这是一个既熟悉又陌生的研究 。 二十世纪八九十年代之前 , 尽管米歇尔·福柯、亨利·列斐伏尔等西方学者已将二十世纪称为“空间的纪元” , 并引起社会学领域的“空间转向” , 但在艺术史领域并未产生明显回响 。 德国学者路德维格·巴赫霍夫发表于1931年的《公元后一千年间中国绘画的空间概念》、日本学者中村茂夫发表于1953年的《宗教画与空间表现》等论文 , 只是零星所见地探讨绘画“空间”的早期研究 。
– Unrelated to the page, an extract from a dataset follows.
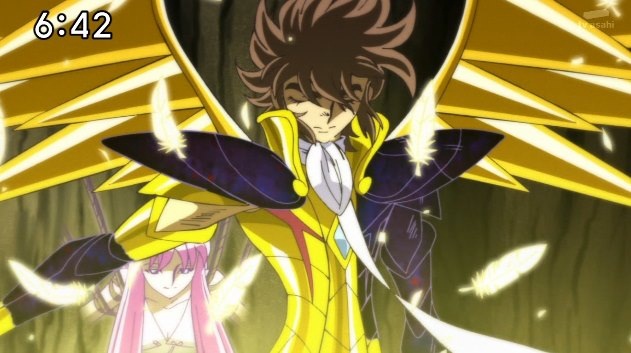 Golden Arrow Seiya - Saint Seiya Awakening Wiki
进入二十世纪八九十年代以后 , “空间”观念迅速普及深化 , 成为艺术史研究不可或缺的论题 , 已知与敦煌“空间”相关的研究 , 主要建立在传统美术史研究基础之上 , 以绘画中的“空间结构”“空间构成”“空间表现”为中心 , 这些研究虽从“体现于视觉世界之中”的空间开始 , 却未能形成真正意义上的以“空间综合体”为核心的研究框架与解释系统 , 也未能成为二十世纪以来敦煌研究的主流学术问题 。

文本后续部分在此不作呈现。